The media's drumbeat to war did its job, and within days, the Tonkin Gulf Resolution passed the House 416 to 0 and the Senate 88 to 2, giving Pres. Johnson the blank check he needed to escalate the Vietnam War.

Repeating the Mistake: Afghanistan 1980s and Iraq 2003
Our role in creating al Qaeda in Afghanistan during the 1980s and our 2003 invasion of Iraq show that that we did not learn from Vietnam, and again jumped into wars without asking the right questions.

Pres. Reagan praised the Afghan mujahideen as freedom fighters, a perspective supported by the media. Today, we are fighting some of those same people, except now we call them Islamic terrorists.

And the two reasons given for invading Iraq turned out to be baseless. Saddam Hussein's WMDs were figments of our imagination, as were his connections to al Qaeda and 9/11. Ironically, al Qaeda-linked groups, which were virtually non-existent in Saddam Hussein's Iraq, now control large swaths of territory, including Iraq's second largest city.

In both Afghanistan and Iraq, the drumbeat to war hypnotized the nation, overcame rationality, and led to disasters. And, as with Vietnam, the media played a key role in creating those tragedies.

Ukraine Today
The mistake of becoming involved in a war without first making sure our assumptions are correct is being repeated today with the civil war in Ukraine. It's time to learn from the past and start questioning media accounts which picture Putin and Russia as solely at fault and the interim Ukrainian government as blameless. Wars bring out the worst elements on both sides, so common sense alone should lead us to question the overly simplified narrative the media are feeding us.

Putin and Russia have made many mistakes in Ukraine, but so have we. Ronald Reagan's Ambassador to Moscow, Jack Matlock, wrote in a February 8 post:

I believe it has been a very big strategic mistake - by Russia, by the EU and most of all by the U.S. - to convert Ukrainian political and economic reform into an East-West struggle. ... In both the short and long run only an approach that does not appear to threaten Russia is going to work. (emphasis added)

As with our wars in Vietnam, Afghanistan, and Iraq, most American media have ignored or downplayed information which does not fit the prevailing narrative about Ukraine. Such biased coverage prolongs the violence in the eastern part of the country and increases the risk that Putin will move in troops. If that occurs, it will increase the risk of nuclear threats and therefore, potentially, even of nuclear use.

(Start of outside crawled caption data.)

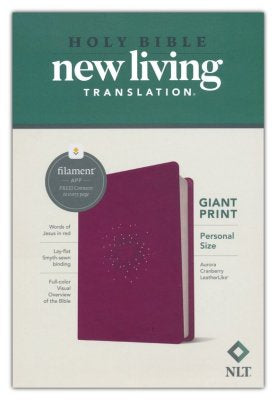 Holy Bible New Living Translation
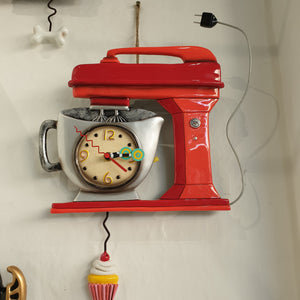 Designer Wall Clock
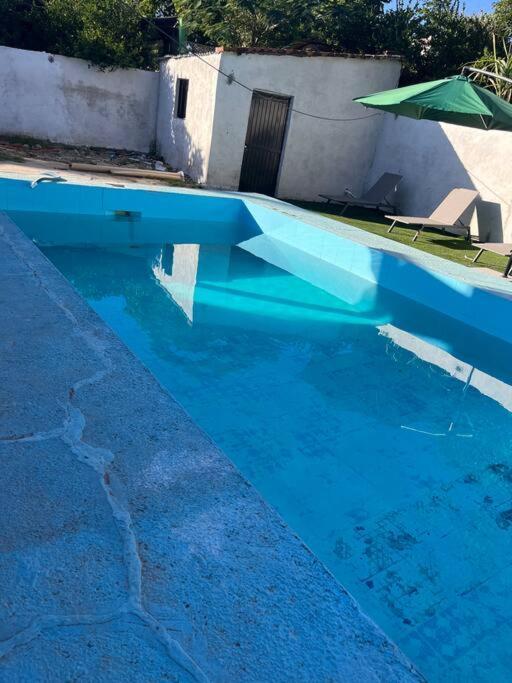 Flores Condominios Depa Lili Álamos Εξωτερικό φωτογραφία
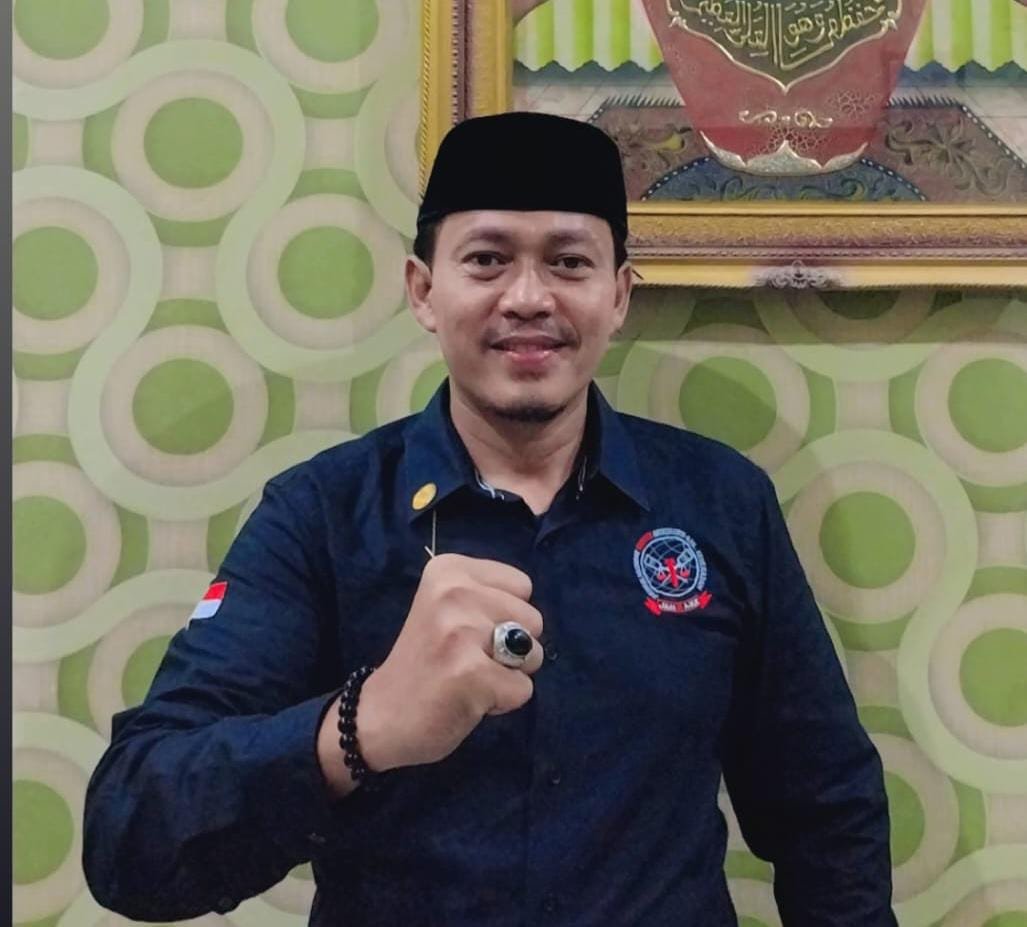LSM Jambakk Apresiasi Gubernur Banten Bekukan PT ABM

Given how often we have been duped into needless wars by overly simplistic media accounts which painted one side as good and the other as bad, it's high time we started asking more questions before making that mistake again. In Vietnam, Afghanistan, and Iraq the cost of our error was measured in millions of lives. In Ukraine, where our potential adversary is Russia with its thousands of nuclear weapons, the potential consequences are beyond comprehension.